-
Notifications
You must be signed in to change notification settings - Fork 13
Description
Overview
Relying on network-online.target only is problematic as documented in several places.
The uupd.{timer,service} units rely on network-online.target. But that does not mean what it sounds like. It does not mean that the network is ready for traffic. See https://systemd.io/NETWORK_ONLINE/.

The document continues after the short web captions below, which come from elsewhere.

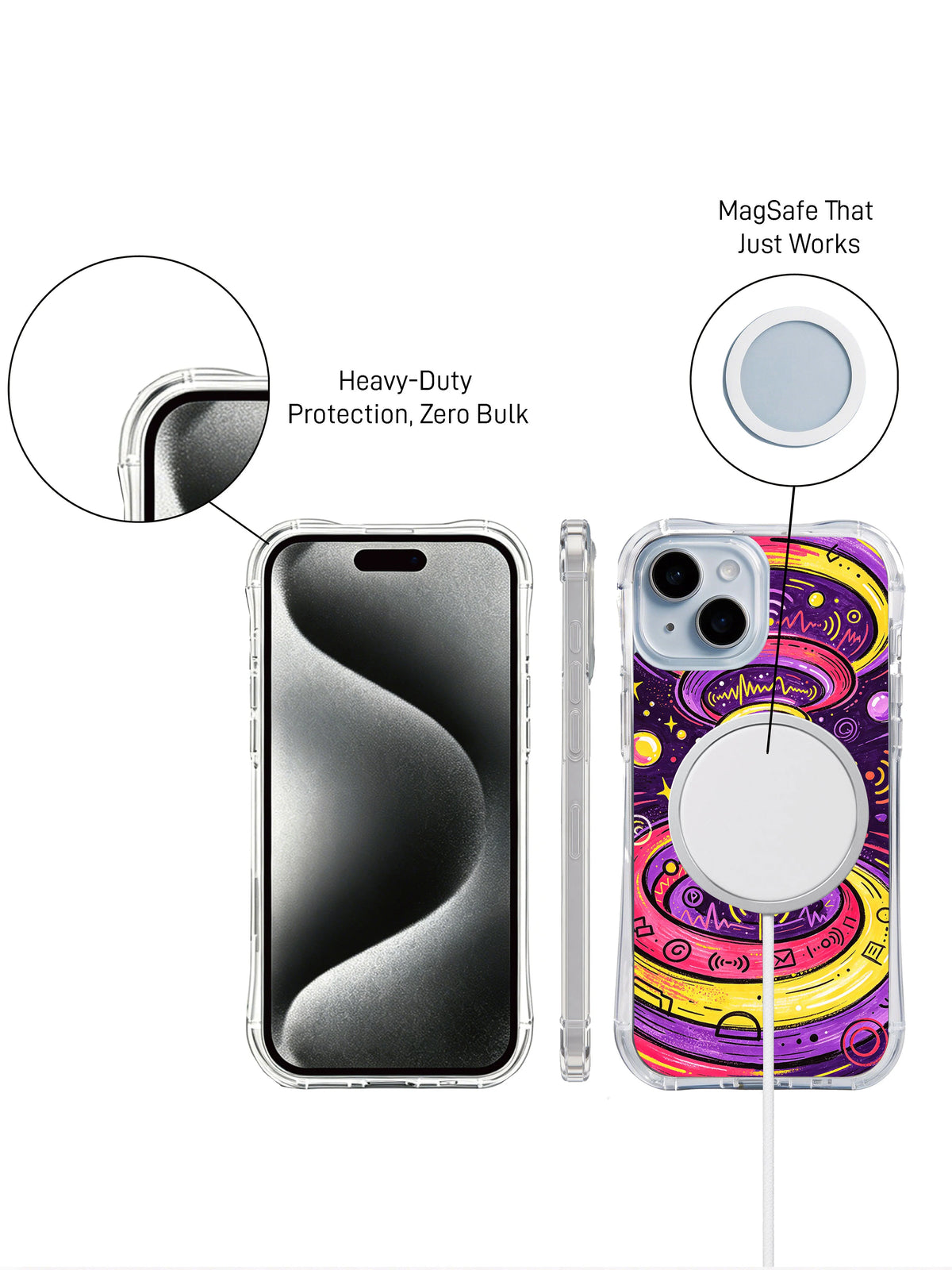 Emotion Radio Waves iPhone 15 Plus case camera detail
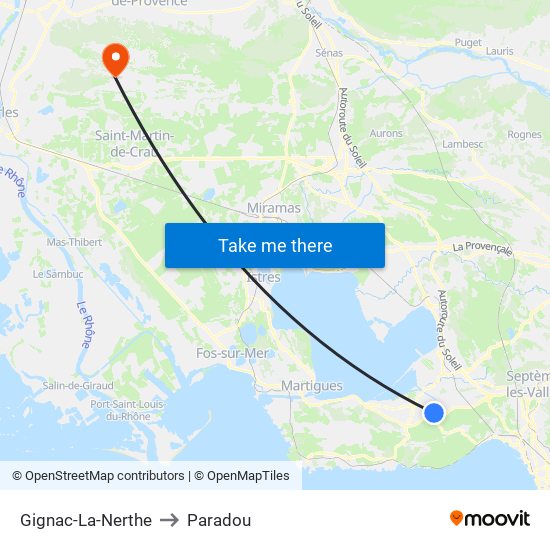 Gignac-La-Nerthe to Paradou map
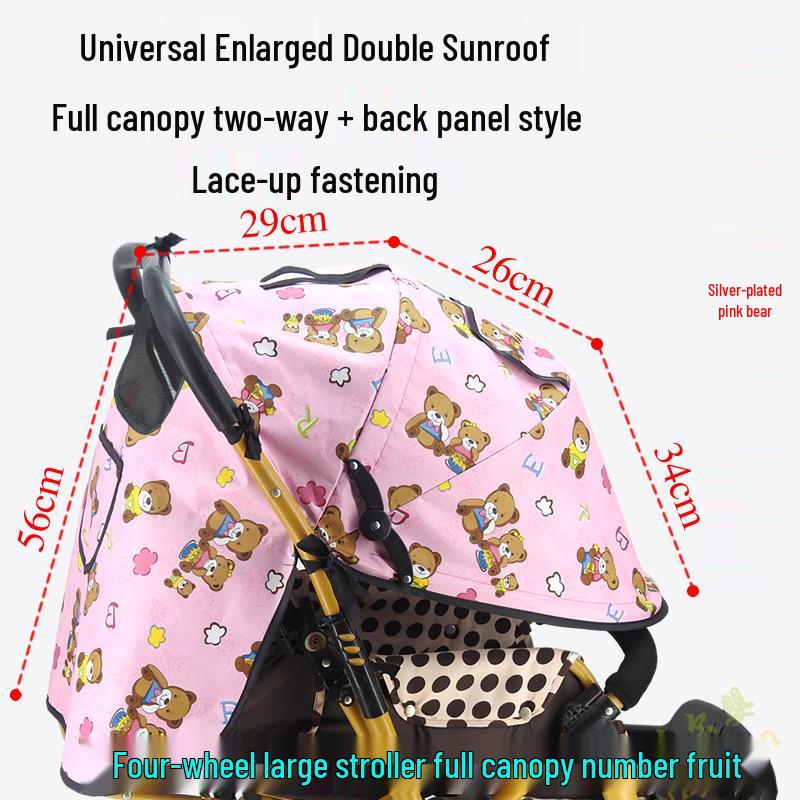 Universal Baby Stroller Sunshade Canopy with Pockets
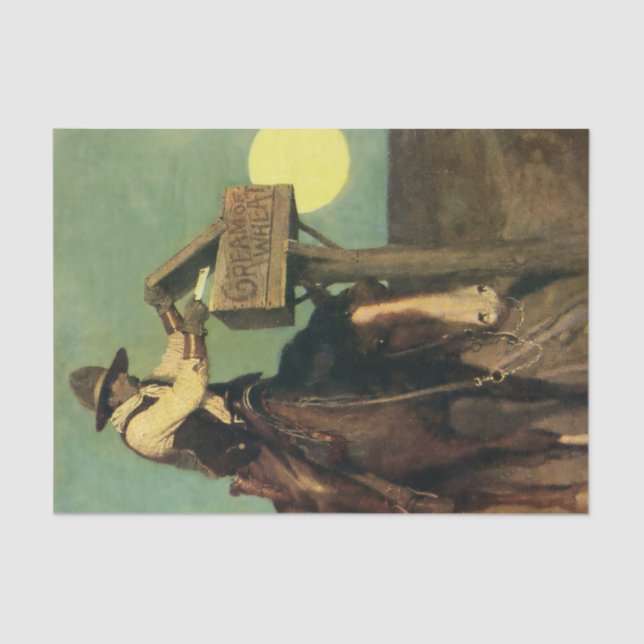 Papier Mousseline "Livraison rurale" Western Art par NC Wyeth (Recto)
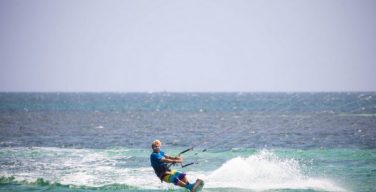 Top 10 Kenya Tourist destination, rhinos, water games Top 10 tourist destinations KENYA, Watamu: In a photograph taken by Make It Kenya 16 January 2016, Ben Kelliher of Tribe Watersports catches wind and wave during a kitesurfing display off a beach of the Indian Ocean coastal village of Watamu. MAKE IT KENYA PHOTO / STUART PRICE.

I should mention that I use wifi exclusively - not wired ethernet.
When opening the laptop lid (Wake from Sleep), I keep seeing errors like this:
Jan 15 04:57:11 nitro5 uupd[157219]: {"level":"ERROR","msg":"Hardware checks failed","error":"Network, returned error: network not online"}
Hence, the need for the Retry with Backoff pattern to be implemented in the uupd code itself.
Note that the Circuit Breaker pattern might also be beneficial for situations like CloudFlare introducing a change that disallowed connectivity to dependent assets.
Example Use Case
I have written software, that is similarly scheduled by systemd where the solution was to implement the Retry with Backoff pattern to prevent false positive reporting.
The systemd units also rely on network-online.target. And because requirements allowed for it, also sets the BindsTo=gnome-session.target property as I was guided in a forum somewhere; although I was not able to make that advice work for me. I do realize that the uupd requirements do not allow for assuming an authenticated gnome session.
Once I implemented the Retry with Backoff pattern in the rule (written in python) needing to use ssh reliably, I started to see log entries like the following and resilience was improved.
Feb 02 05:24:36 nitro5 upd_monitor.sh[390387]: 2026-02-02 05:24:36,796 - steps - WARNING - process_rule - Worker-04: <class '__mp_main__.ProcessNonZeroRetcodeError'>, Retrying in 3 seconds...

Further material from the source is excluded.